Tylenda, T., Sozio, M., & Weikum, G. (2011). Einstein: Physicist or Vegetarian? Summarizing Semantic Type Graphs for Knowledge Discovery. In S. Srinivasan, K. Ramamritham, A. Kumar, M. P. Ravindra, E. Bertino, & R. Kumar (Eds.), Proceedings of the 20th International Conference Companion on World Wide Web (pp. 273-276). New York, NY: ACM. doi:10.1145/1963192.1963307.

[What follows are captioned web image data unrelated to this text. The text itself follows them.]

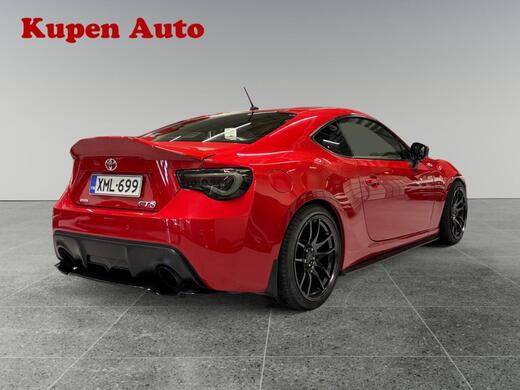 Toyota GT86 vaihtoauto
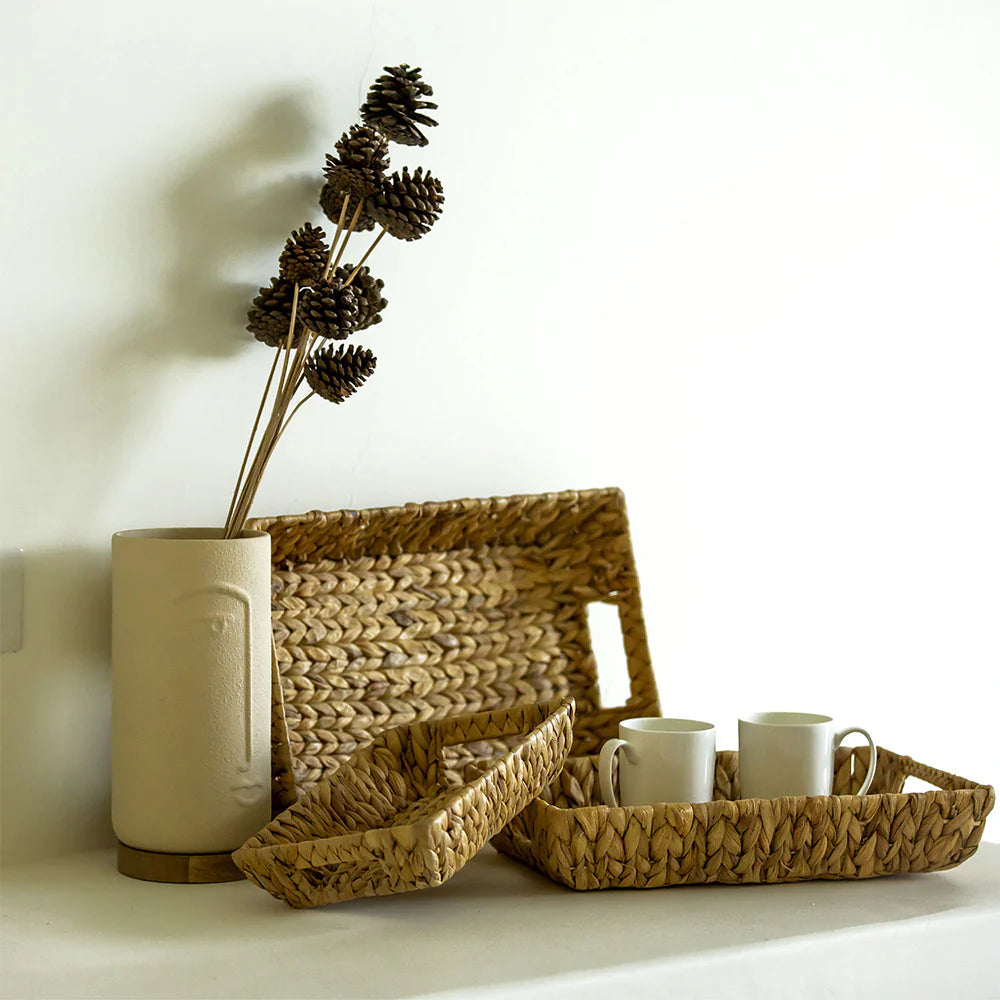 Water Hyacinth Basket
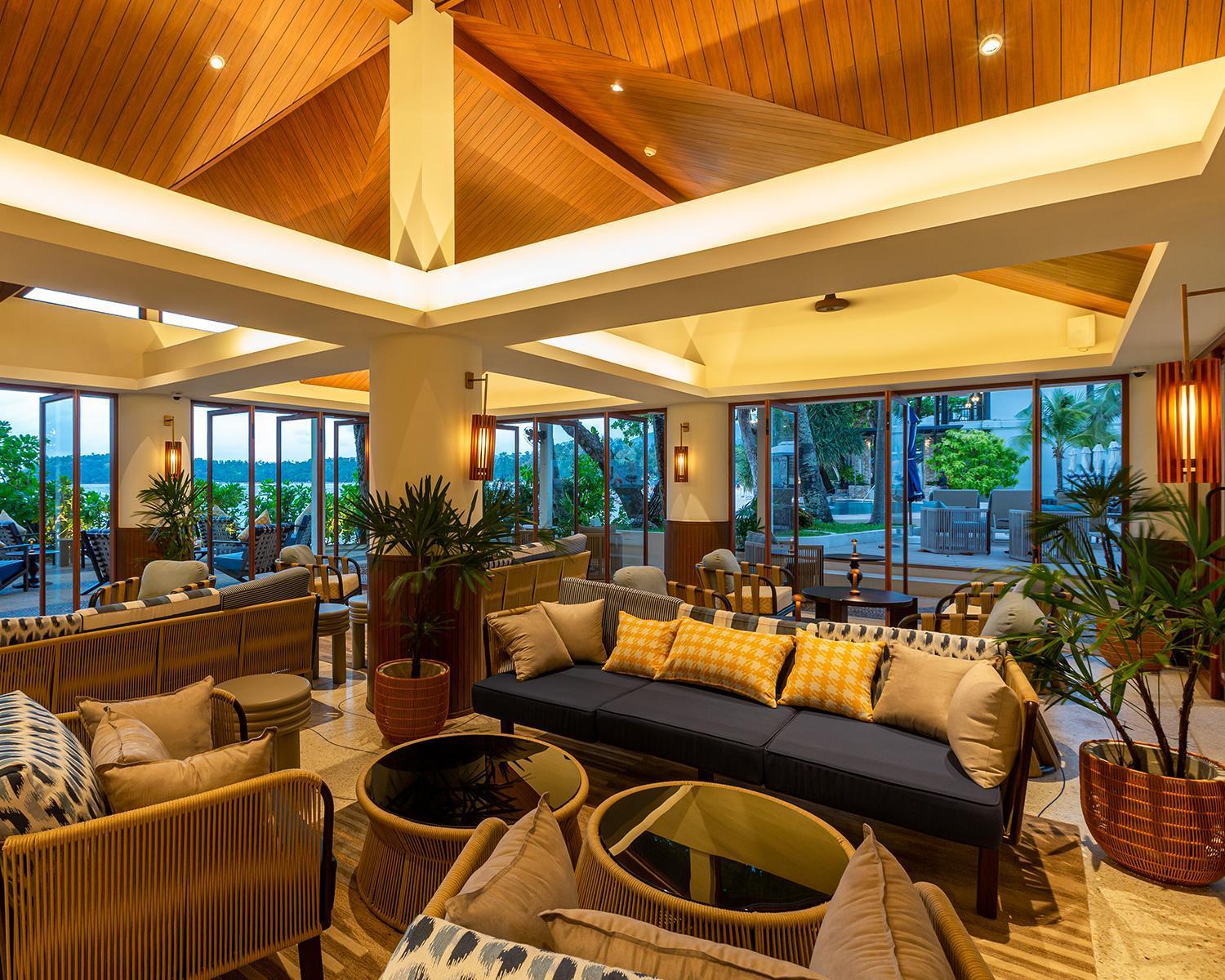 The Boathouse Phuket-Sha Plus Kata Beach  Buitenkant foto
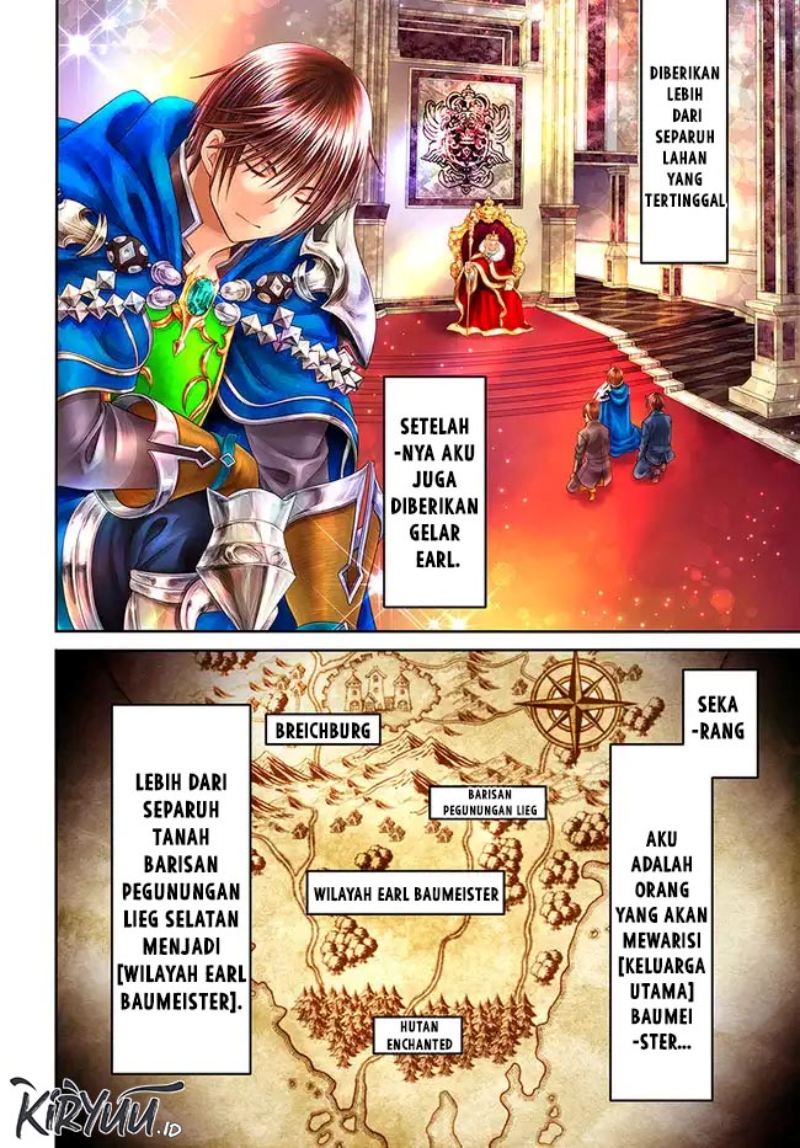 Hachinan tte, Sore wa Nai Deshou! Chap 71 - Next Chap 72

Cite as: https://hdl.handle.net/11858/00-001M-0000-0010-144D-D
Abstract
The Web and, in particular, knowledge-sharing communities such as Wikipedia contain a huge amount of information encompassing disparate and diverse fields. Knowledge bases such as DBpedia or Yago represent the data in a concise and more structured way bearing the potential of bringing database tools to Web Search. The wealth of data, however, poses the challenge of how to retrieve important and valuable information, which is often intertwined with trivial and less important details. This calls for an efficient and automatic summarization method. In this demonstration proposal, we consider the novel problem of summarizing the information related to a given entity, like a person or an organization. To this end, we utilize the rich type graph that knowledge bases provide for each entity, and define the problem of selecting the best cost-restricted subset of types as summary with good coverage of salient properties. We propose a demonstration of our system which allows the user to specify the entity to summarize, an upper bound on the cost of the resulting summary, as well as to browse the knowledge base in a more simple and intuitive manner.